Re: [Cfrg] Elliptic Curves - curve form and coordinate systems

[Michael Hamburg <mike@shiftleft.org>]

> On Mar 16, 2015, at 1:04 AM, Andrey Jivsov <crypto@brainhub.org> wrote:
> 
> On 03/15/2015 11:50 PM, Michael Hamburg wrote:
>>> On Mar 15, 2015, at 10:26 PM, Andrey Jivsov <crypto@brainhub.org> wrote:
>>> 
>>> In my proposal the v, the second coordinate, is only sent in the first flight (or a part of the public key in general). That's where we can expect that the Montgomery ladder will be less common. The second flight, the shared secret calculation, doesn't use v and thus there is no change to the Montgomery ladder.
>>> Each 32 bytes arrive every 1/((200*10^6/8)/32) = 0.00000128 seconds (every 1.2 microsec on 200 Mbps). While we seem OK with the *whole* quad-code CPU, the CPU is a precious resource on a busy server (so in reality we are not OK in this scenario). Why pay 10% penalty?
>>> 
>>> If we look at https://tools.ietf.org/html/rfc5246#section-6.2.1, the World is wasting 2 bytes per each
>>> 2^14 bytes of traffic in the best case scenario. There is also some waste in 4K handshake and block cipher padding that could be eliminated.
>> I understand that there are implementations out there other than the Montgomery ladder, and they
>> require more compute time if you don’t send a v coordinate.  It may be worth discussing further
>> whether the communication cost to send v is more or less than the cost for the recipient to compute
>> it, though I still expect that in most cases it is cheaper to recompute v.
>> 
>> But this just doesn’t make sense for ECDH.  You want to force *every* implementation, of
>> which the considerable majority will probably be the Montgomery ladder, to send and receive an
>> 32 extra bytes.  You want to add non-negligible extra complexity to the simplest implementations
>> (IOT) to make this happen.  You want this so that a small (and so far hypothetical) minority of
>> implementations can make a tradeoff of compute time vs communication that *still* might be
>> unfavorable.  I just don’t see how this adds up.
> 
> The protocols that cannot afford a few additional lines of code like in the diff https://github.com/brainhub/curve25519-donna/commit/abc601836b75ba6399c775842647e0f3b66061c4 might standardize on u only ( as I wrote in http://www.ietf.org/mail-archive/web/cfrg/current/msg06480.html ). I would like to hear more about these protocols, though.

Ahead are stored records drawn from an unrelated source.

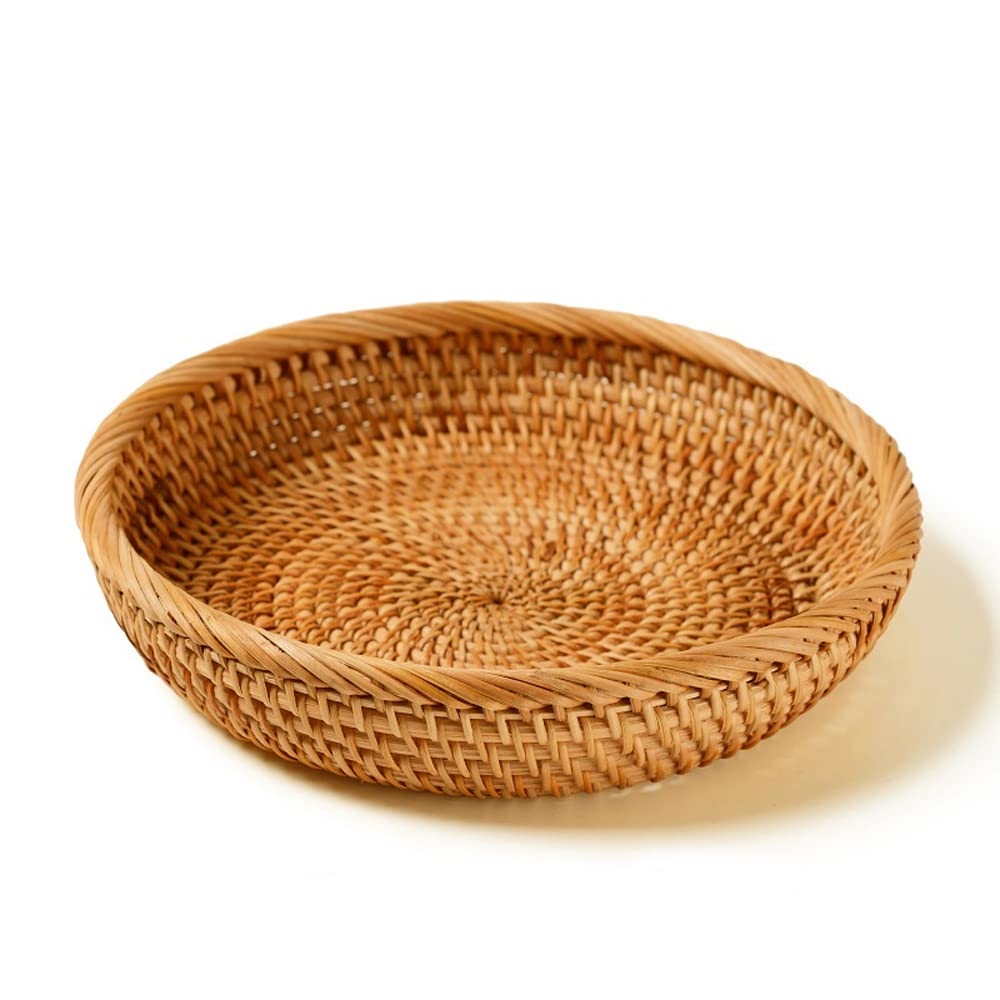 I-lan 7.5 Inch Rattan Bread Basket with 2” Wall, Flat Wicker Basket Tray with Rolled Edge, Round Bowl Decorative Showcase Catch All Dish for Food, Fruit, Keys, Brown, S i-lan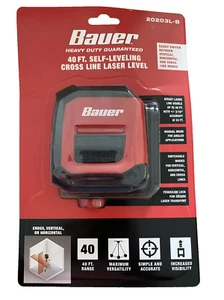 🌹BAUER 40 ft. Self-Leveling Cross Line Laser Level 20203L-B *NEW* - Picture 1 of 2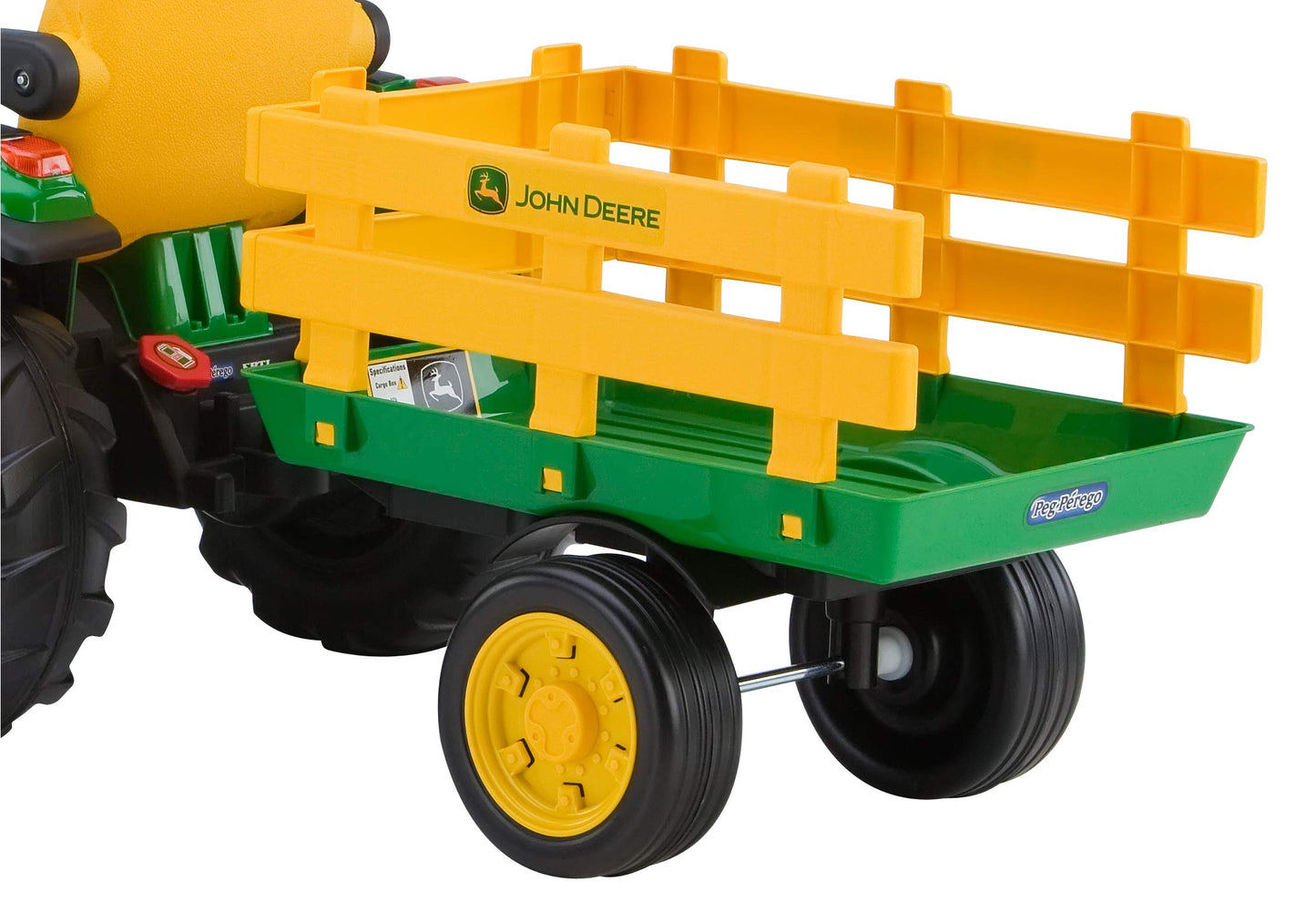 Peg Perego John Deere Ground Force Tractor - 12V Ride-On, Single Seat, Green/Yellow, Model IGOR0039, Durable Plastic Construction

Maybe this doesn’t exist in the use cases of TLS, even though IoT devices can be pretty limited.

I work in the deeply embedded space, where every byte of code or data costs something.  At some point I wrote NIST p256 math and point add, double, and isqrt in 600 bytes of code.  We ended up not needing it for that project but we are likely to need something similar for the next one.  It was isqrt instead of inverse so that we could decompress points, because even with code limitations we couldn’t afford to store public keys uncompressed in NVM.  The bandwidth wasn’t a problem in that project, though.

> On the Internet in general (YouTube, Netflix streaming) and TLS in particular, it's hard to see that ~32 bytes per (not reused) handshake matter. This part of the Internet is currently using uncompressed points and RSA.

I agree that we’re arguing over minutiae, but I’m not satisfied with “wasting 32 bytes for no clear purpose is a good idea because other people waste bytes too”.

— Mike